Hridaya Ranjan Prasad Verma (supra) "15. ....that the distinction between mere breach of contract and the offence of cheating is a fine one. It depends upon the intention of the accused at the time to inducement which may be judged by his subsequent conduct but for this subsequent conduct is not the sole test. Mere breach of contract cannot give rise to criminal prosecution for cheating unless fraudulent or dishonest intention is shown right at the beginning of the transaction, that is the time when the offence is said to have been committed. Therefore it is the intention which is the gist of the offence. To hold a person guilty of cheating it is necessary to show that he had fraudulent or dishonest intention at the time of making the promise..."

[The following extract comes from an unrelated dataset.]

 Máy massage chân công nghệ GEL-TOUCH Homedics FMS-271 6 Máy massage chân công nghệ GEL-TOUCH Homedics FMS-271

Uma Shankar Gopalika (supra) "6. Now the question to be examined by us is as to whether on the facts disclosed in the petition of complaint any criminal offence whatsoever is made out much less offences under Sections 420/120-B IPC. The only allegation in the complaint petition against the accused persons is that they assured the complainant that when they receive the insurance claim amounting to Rs 4,20,000, they would pay a sum of Rs 2,60,000 to the complainant out of that but the same has never been paid. Apart from that there is no other allegation in the petition of complaint. It was pointed out on behalf of the complainant that the accused fraudulently persuaded the complainant to agree so that the accused persons may take steps for moving the Consumer Forum in relation to the claim of Rs 4,20,000. It is well settled that every breach of contract would not give rise to an offence of cheating and only in those cases breach of contract would amount to cheating where there was any deception played at the very inception. If the intention to cheat has developed later on, the same cannot amount to cheating, hi the present case it has nowhere been stated that at the very inception there was any intention on behalf of the accused persons to cheat which is a condition precedent for an offence under Section 420 IPC.

7. In our view petition of complaint does not disclose any criminal offence at all much less any offence either under Section 420 or Section 120-B IPC and the present case is a case of purely civil dispute between the parties for which remedy lies before a civil court by filing a properly constituted suit. In our opinion, in view of these facts allowing the police investigation to continue would amount to an abuse of the process of court and to prevent the same it was just and expedient for the High Court to quash the same by exercising the powers under Section 482 CrPC which it has erroneously refused."

14. In the result, both the applications are allowed. Entire criminal proceedings in Criminal Case No. 2317 of 2017 (State vs. Atul Saxena and others), arising out of Case Crime No. 0726 of 2016, under Sections 420, 467, 468, 471, 506 IPC, Police Station Vrindaban, District Mathura as well as the charge sheet dated 19.01.2017 and cognizance order dated 20.04.2017, are hereby quashed.

15. There shall be no order as to costs.